- [Records for processing]
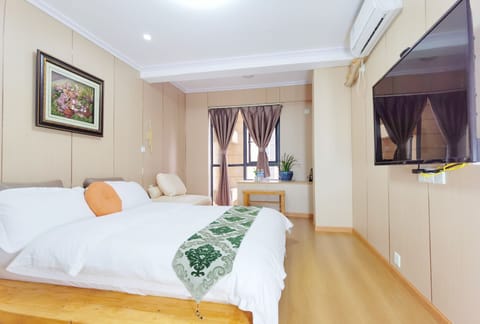 Business Single Room | Laptop workspace, free WiFi, bed sheets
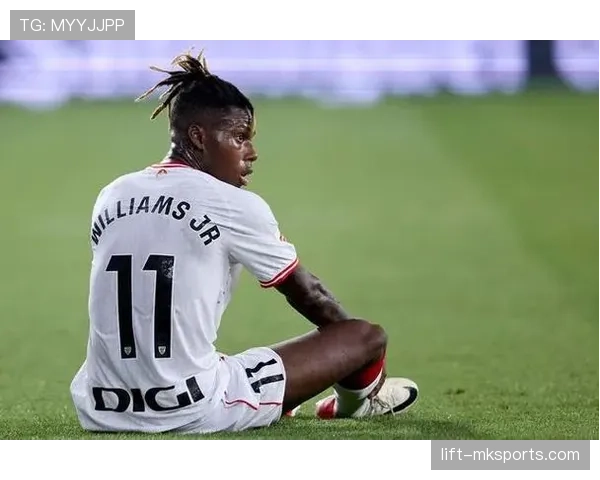 巴萨中场组织力再升级，新星表现稳健备受关注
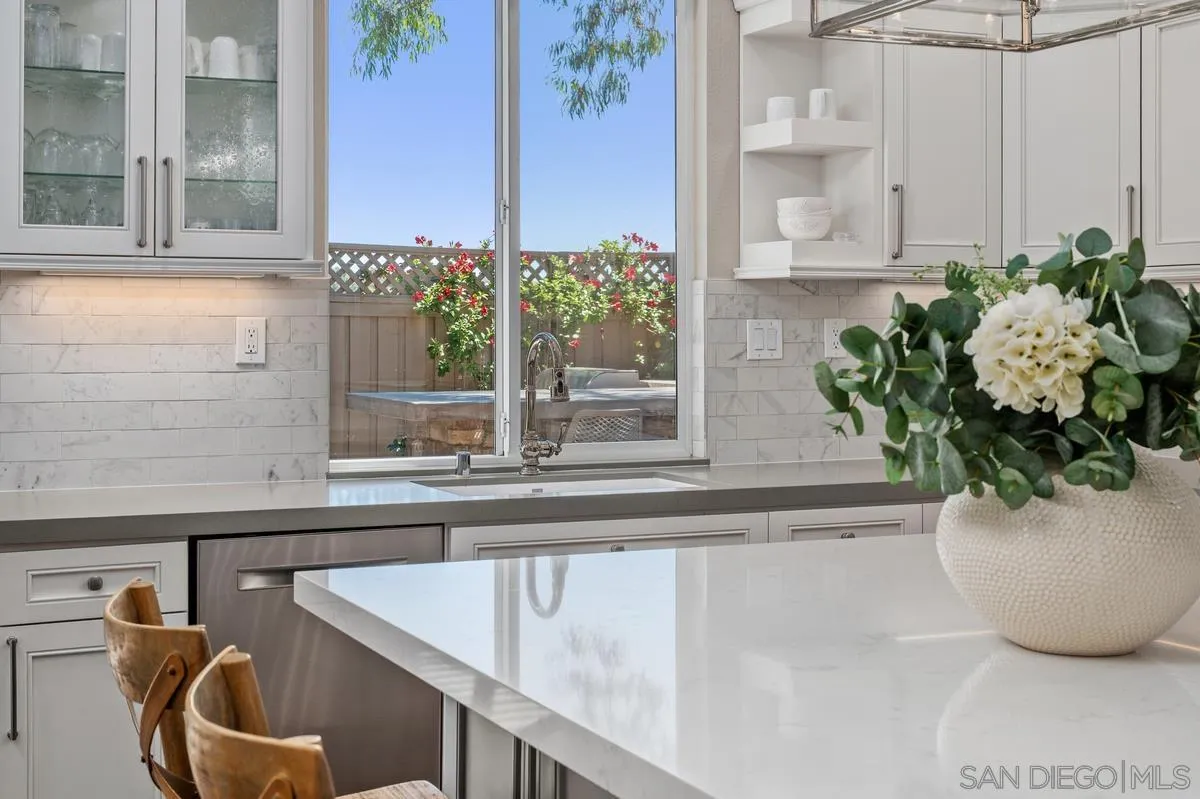 https://cdn.realtyfeed.com/cdn/127/250037722/fe9657ce611c44e76ef96dc47a8be535.webp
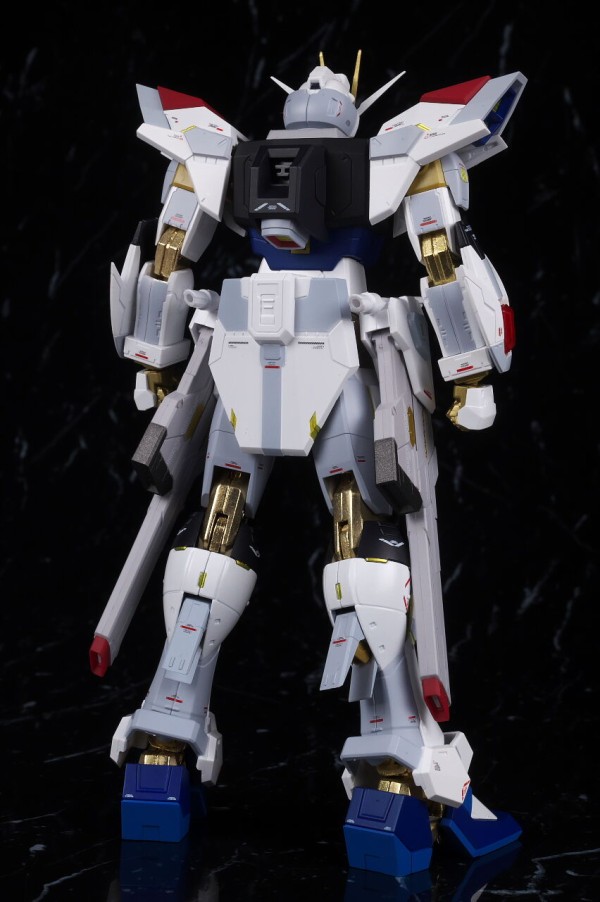 BANDAI 超合金マイティーストライクフリーダムガンダム Amazon.co.jp: 超合金 マイティーストライクフリーダムガンダム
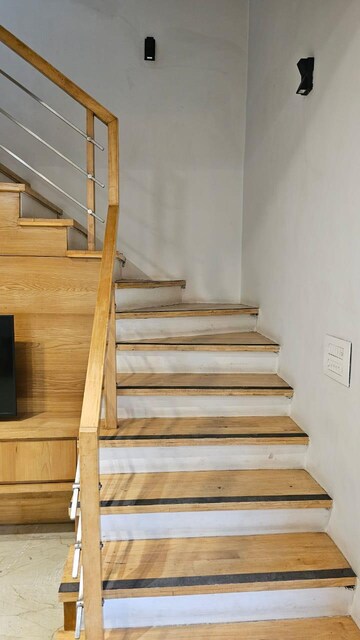 Staircase in 4 BHK Villa at Manekbaug – for Rent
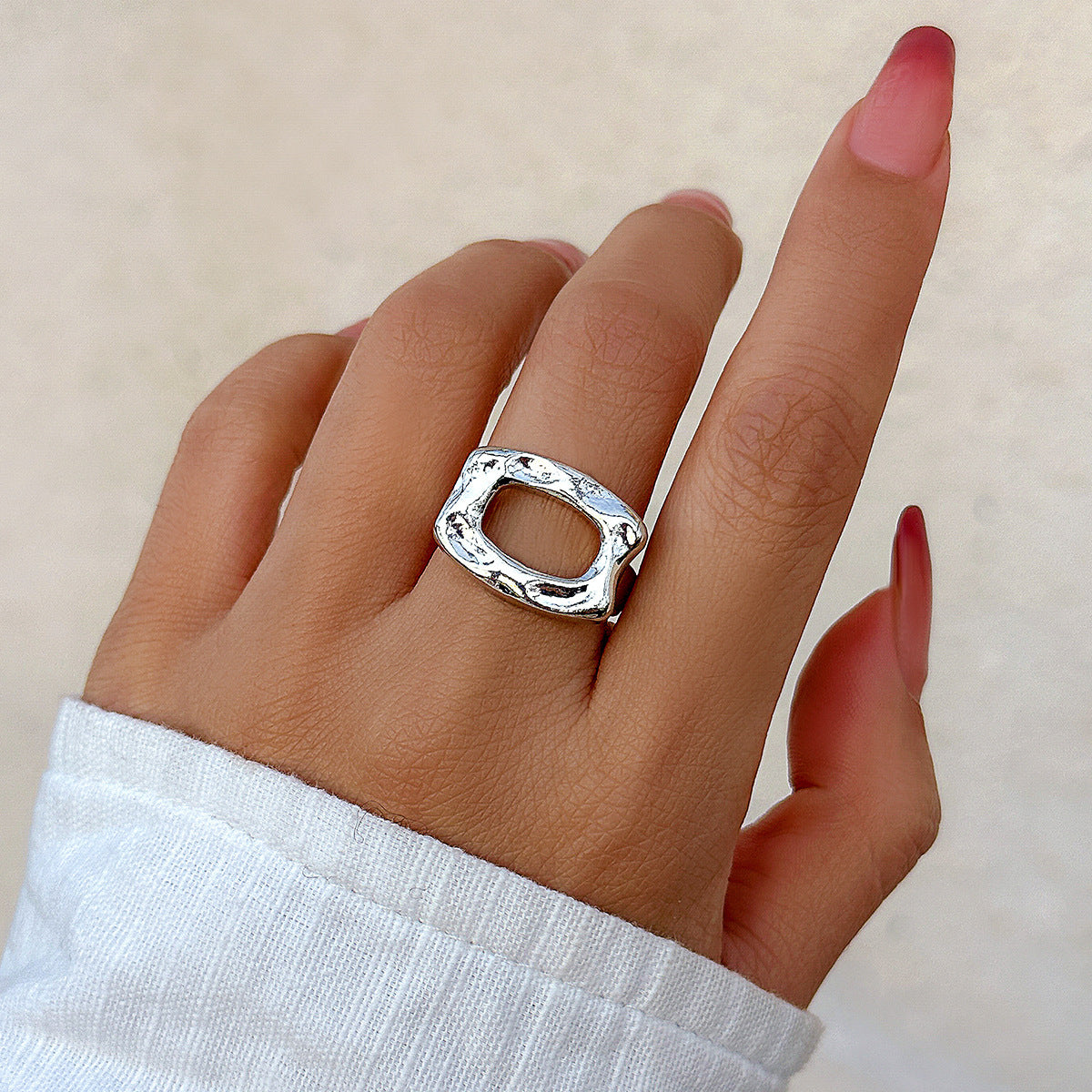 Women's Minimalist Bowknot Double Finger Exaggerated French Rings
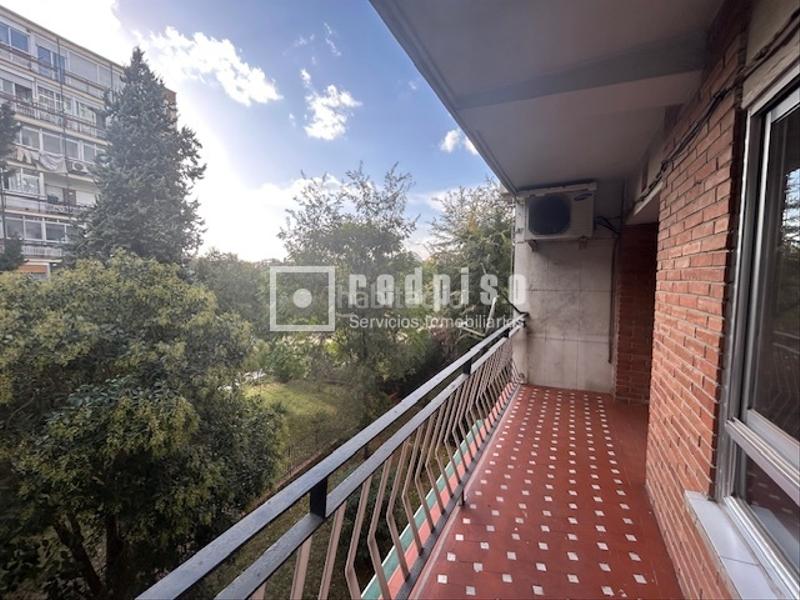 Foto ee863059-2b5e-49da-942d-461e4a5990fe. Flat with heating in Ventas Madrid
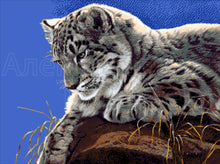 Lade das Bild in den Galerie-Viewer, Stickpackung mit Perlen "nächtliche Jagd"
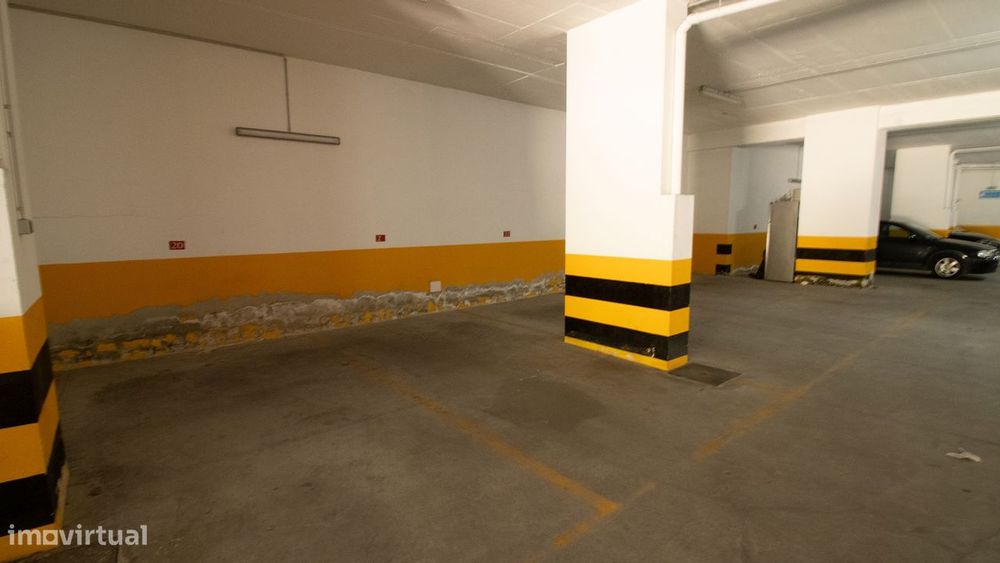 Lugar de estacionamento perto da Meia Praia e Marina de Lagos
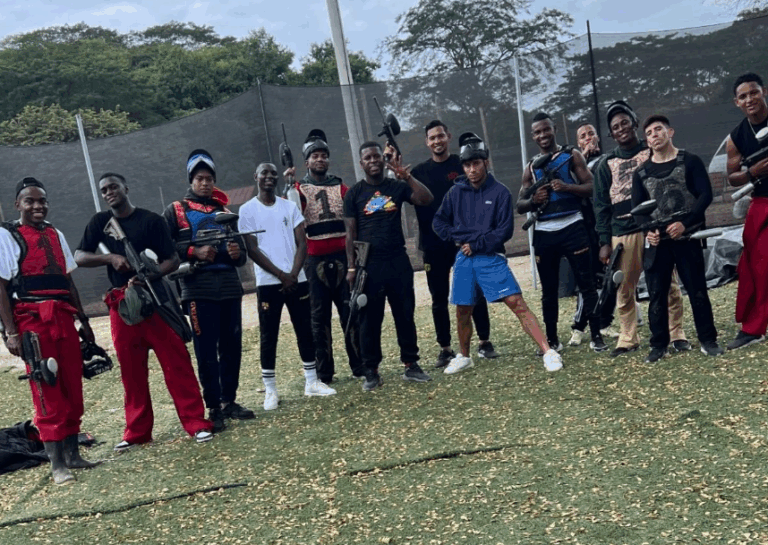 Los jugadores de Barcelona SC se relajaron jugando paintball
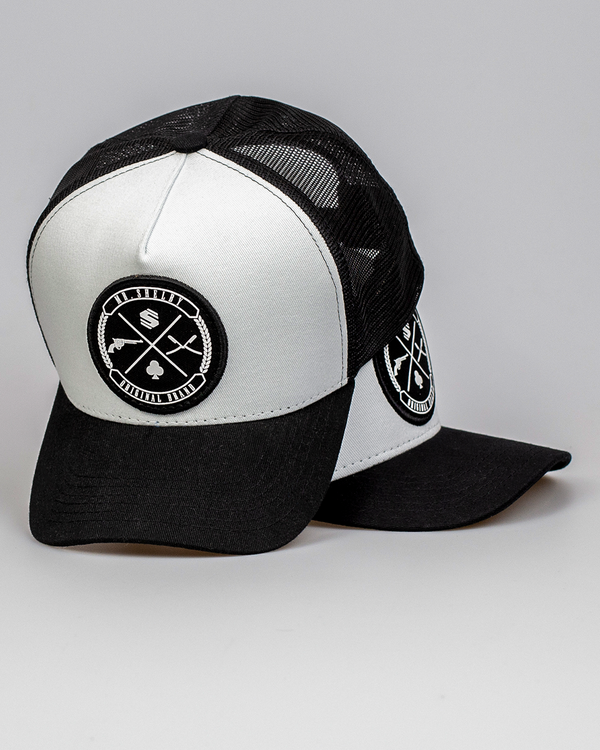 Boné Mr. Shelby Trucker Brasão Branco e Preto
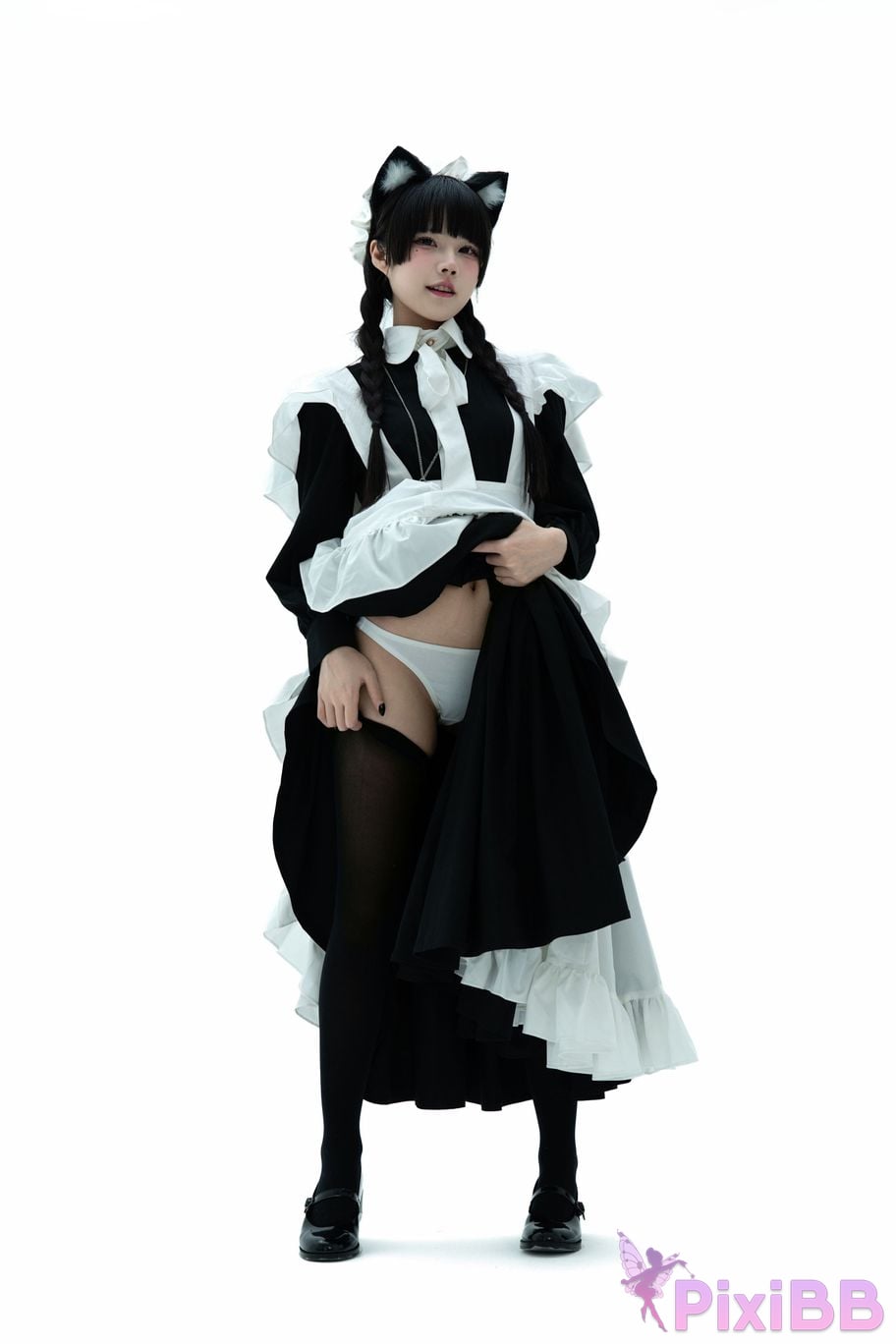 Cosplayer Shimizu Nagi maid illustrated book PixiBB.COM 023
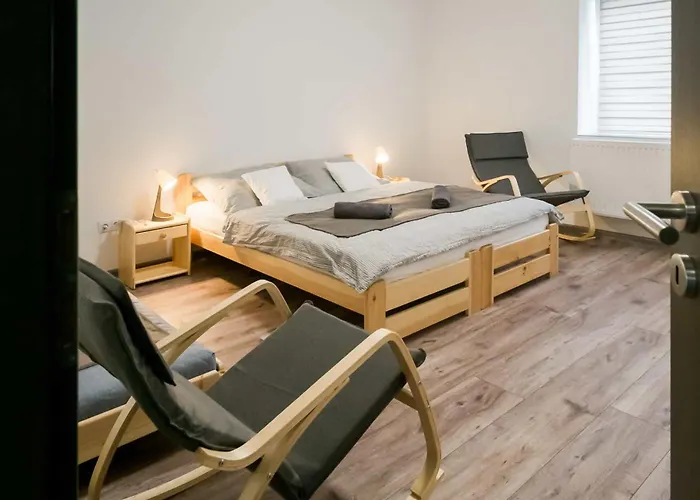 Sarvarlak Apartmanhaz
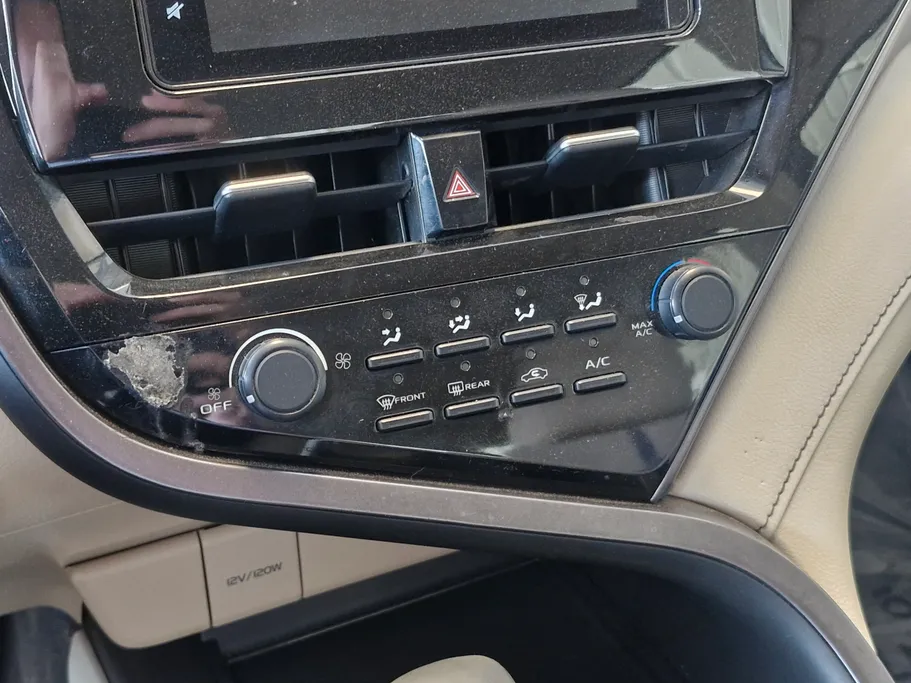 2021 Toyota Camry  LE 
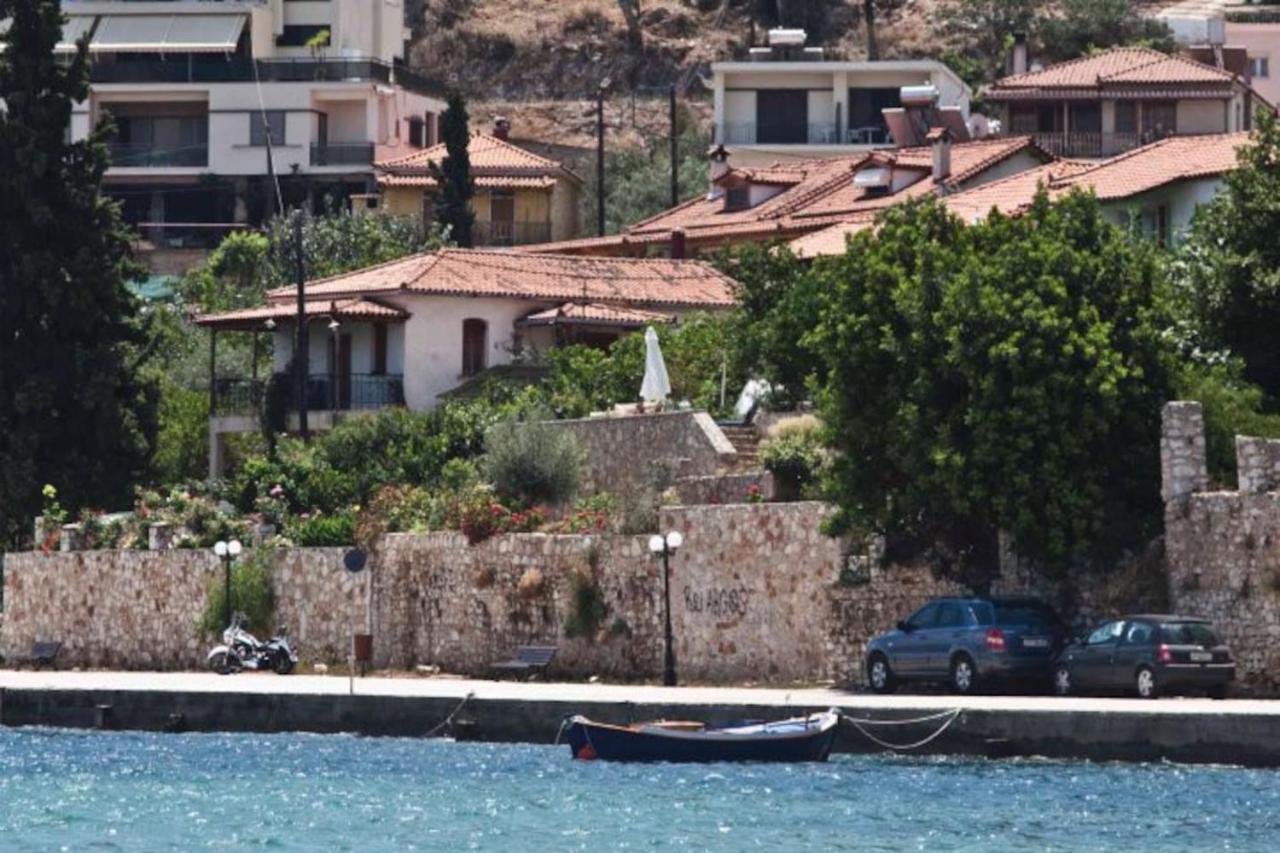 Kiveri 1876 Traditional Seafront Cottage Dış mekan fotoğraf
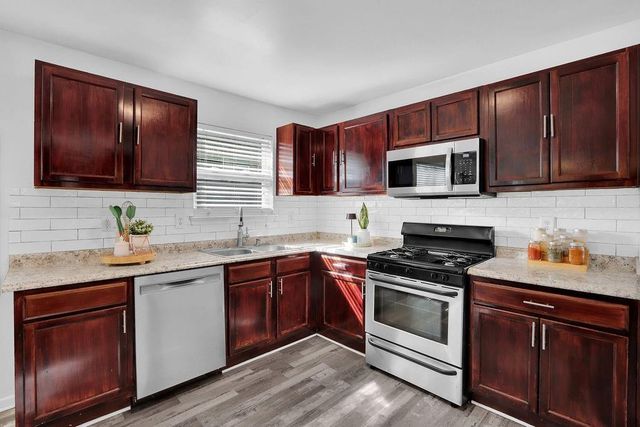 4641 Ash Tree Street, Snellville, GA 30039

- [Assigned task] Without including any pictures, reproduce the data exactly.

- [Exercise output]
 Business Single Room | Laptop workspace, free WiFi, bed sheets
 巴萨中场组织力再升级，新星表现稳健备受关注
 https://cdn.realtyfeed.com/cdn/127/250037722/fe9657ce611c44e76ef96dc47a8be535.webp
 BANDAI 超合金マイティーストライクフリーダムガンダム Amazon.co.jp: 超合金 マイティーストライクフリーダムガンダム
 Staircase in 4 BHK Villa at Manekbaug – for Rent
 Women's Minimalist Bowknot Double Finger Exaggerated French Rings
 Foto ee863059-2b5e-49da-942d-461e4a5990fe. Flat with heating in Ventas Madrid
 Lade das Bild in den Galerie-Viewer, Stickpackung mit Perlen "nächtliche Jagd"
 Lugar de estacionamento perto da Meia Praia e Marina de Lagos
 Los jugadores de Barcelona SC se relajaron jugando paintball
 Boné Mr. Shelby Trucker Brasão Branco e Preto
 Cosplayer Shimizu Nagi maid illustrated book PixiBB.COM 023
 Sarvarlak Apartmanhaz
 2021 Toyota Camry  LE 
 Kiveri 1876 Traditional Seafront Cottage Dış mekan fotoğraf
 4641 Ash Tree Street, Snellville, GA 30039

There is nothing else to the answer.